Sin embargo, la reconciliación con el pasado va mucho mas allá.

Es importante comprender que toda experiencia pasada que no se haya integrado de forma consciente se sigue cargando o repitiendo de muchas formas hasta que el aprendizaje se logre integrar. Este es un mecanismo de nuestra naturaleza evolutiva y no un mecanismo que podamos controlar con nuestra mente. De allí, el porqué muchas personas ven cómo cada tantos años vuelven a vivir ciclos tan similares con su trabajo o con personas parecidas.

Esas son señales de un pasado sin sanar y de que la vida, en su sabiduría infinita, nos vuelve a dar la oportunidad de aprender las veces que sea necesario.

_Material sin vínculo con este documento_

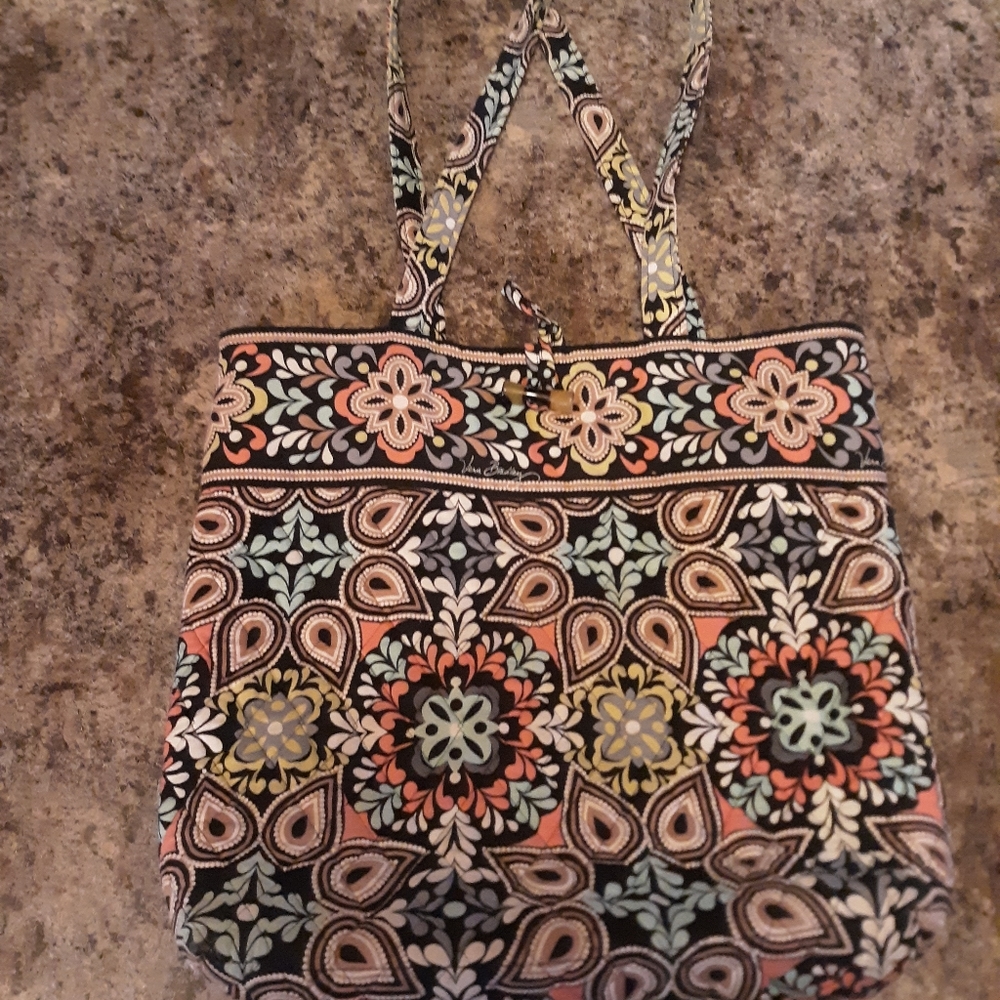 Vera Bradley bag - NWOT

Otras personas, en cambio, pueden estar aferradas a un pasado porque fue agradable o porque ocurrió una situación que se disfrutó mucho. Sin embargo, la vida sigue hacia delante. Hay quienes fueron exitosos en su pasado y en el presente se aferran en su gloria pasada, como si el éxito fuera lo único que buscaban en su vida.

Hay personas que se encuentran en escasez y viven como si tuvieran las comodidades que en el pasado tuvieron, sin aceptar que en el presente cuentan con otras condiciones.

Es así como reconciliarse con el pasado es fundamental para poder caminar el momento presente, utilizando en plenitud todo nuestro potencial para tener la mejor experiencia de libertad.

Algunos tips para reconciliarte con tu pasado:

Identifica qué situaciones te marcaron en el pasado.

Reconoce cuáles de ellas recuerdas con alegría y te hacen sentir orgulloso. Con estas situaciones es importante ser agradecidos e identificar tu potencial activo, así como asumir con responsabilidad el cuidado de ese talento para revelarlo en el presente.

Las experiencias que te han marcado por lo dolorosas que fueron, esas que aún recuerdas con dolor, también merecen gratitud pues fueron necesarias para tu aprendizaje. Identifica qué aprendizaje te dejaron qué talentos tuviste que activar y vive con alegría el aprendizaje que hoy tienes de ello.

Acepta la situación actual tal como es.

Reconoce que somos seres en evolución y que si la vida no cambia comenzaremos a morir. Esta aceptación nos conecta con los potenciales de vida y la curiosidad permanente de lo nuevo que está por llegar.

Mira el futuro con optimismo.

Las experiencias pasadas te han dejado ya con un aprendizaje que te permitirá superar mejor aún cualquier situación que venga. Si me abro al futuro será para celebrar y, si llega algo que pueda doler, será pasajero mientras tomemos el aprendizaje que nos trae. De esta forma estás dispuesto a aportar y a caminar hacia adelante.

Confía en tu potencial.

Disfruta de vivir la libertad de ser quien verdaderamente eres.